Palm Sunday

Here’s a story about my favorite Sufi, Mullah Nasruddin. He was once asked why he never got married. He said, “I went to Damascus and found a wonderful woman: smart, beautiful, almost perfect, except she couldn’t cook! So I went to Alexandria and found another wonderful woman: smart, beautiful, a great cook, but she was poor. Then I went to Baghdad and found the perfect woman…only, we never married.” “Why not?” the inquirer replied. “Because I was not perfect enough for her!”
| 11 April 2009

Source: St. Mary Orthodox Church

 

Sermon Preached by Fr. Antony  on Sunday, April 1, 2007

 

In the Name of the Father and of the Son and of the Holy Spirit, one God. Amen.

Glory to Jesus Christ!

The crowd in Jerusalem on Palm Sunday long ago was mistaken. Jesus was not the Messiah they had hoped for. He did not come to overthrow Rome or to establish an earthly kingdom. They would have known that if they had listened carefully and deeply to his words, if they had not been so attached to their own expectations and ideas. You see, they were not attached to Jesus at all. They were attached to their interpretations of Jesus.

It is a common problem. For example, you find the perfect woman to marry and fall deeply in love. Here is the perfect wife: beautiful, intelligent, a great cook, just like mom in all the right ways. All of a sudden after a few months she falls off the pedestal. You look at her and say, “I thought I knew you, but you’re clearly not the person I thought I married.” Well, of course, the problem is that you didn’t really know her at all. You “fell in love” with your idea of her. Of course, before long if not already she may have reached the same conclusion about you.

Here’s a story about my favorite Sufi, Mullah Nasruddin. He was once asked why he never got married. He said, “I went to Damascus and found a wonderful woman: smart, beautiful, almost perfect, except she couldn’t cook! So I went to Alexandria and found another wonderful woman: smart, beautiful, a great cook, but she was poor. Then I went to Baghdad and found the perfect woman…only, we never married.” “Why not?” the inquirer replied. “Because I was not perfect enough for her!”

The crowd was so in love with the popular ideas about the Messiah that they couldn’t recognize him when he came. They were so attached to their notion of what the Messiah must do to satisfy them they could not see that Jesus was going to go above and beyond their wildest expectations. Why defeat Rome when death is the real problem?

Of course, we often find ourselves in the same dilemma. We project our expectations onto people, events and things and find ourselves frequently disappointed. The old saying is, “no expectations, no disappointments.” There is another one that says, “there are only two disappointments in life, not getting what you want and getting it.”

There is a solution to this problem and it is to let go of our attachments to our own ideas of how things should be and take a long, hard look at how things really are.
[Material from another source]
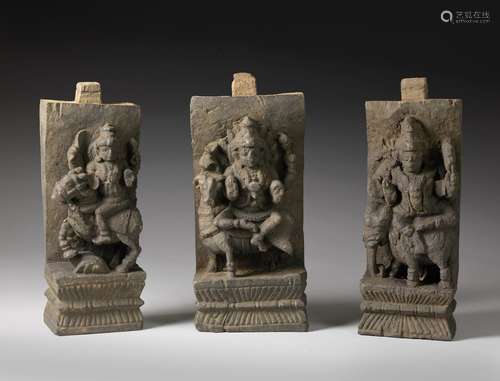 Arte Indiana A set of three wooden panels carved with Hindu ...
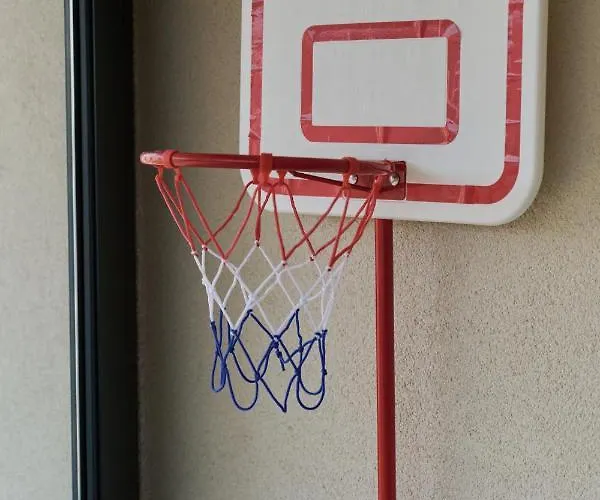 Spacious With Balcony Near The Slavic Hill By Renters Prestige Appartamento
Those of you who come to St. Mary’s regularly may think I have become a broken record, but I am convinced that the secret to the spiritual life lies in a simple rule, that is, we need to open our eyes wide to the reality in each and every moment that presents itself to us.

Again the Church reinforces this message in the Troparion of the Feast of Palm Sunday, “Today the Holy Spirit has brought us together.” Today, right now, this moment. We will miss Him if we are not focused on the here and now. When the Divine Liturgy invites us to “lay aside all wordly cares” it means that it is alright to live entirely in the moment, to be so completely focused on the moment that nothing else matters. And you know what? Nothing else does matter. The Holy Spirit has brought us together. Could anything else be more important?

Thankfully, we can carry this same message into our lives outside the Liturgy.

An unfortunate tidbit of Medieval western theologizing has crept into our Church, that is the notion that there are seven sacraments. Actually, Orthodox theology, does not agree. We believe that all of life is a sacrament. There is really only one sacrament: Life itself. Every meal becomes a Eucharist; every relationship a blessed “matrimony”; every tear, a new baptism; everyone called to minister the love of God undergoes the blessing of holy orders; every invocation of the Holy Spirit, a real chrismation; every intimate sharing of self between friends and loved ones, confession; every gentle touch, every heartfelt prayer, becomes holy unction. Every single moment carries in it the seeds of heaven.

How beautiful life becomes when every moment is recognized for what it is: divine!

In this way we are gradually transformed into God’s likeness. His image lies within us all, but we must consciously become conformed to his likeness. Each moment we are called to conform ourselves to the image of God in which we have been made by detaching from all that is false and nurturing all that is good.

“Let the dead bury the dead,” Jesus said of the past. “Do not worry about tomorrow,” Jesus said of the future. About this moment he says, “Follow me!”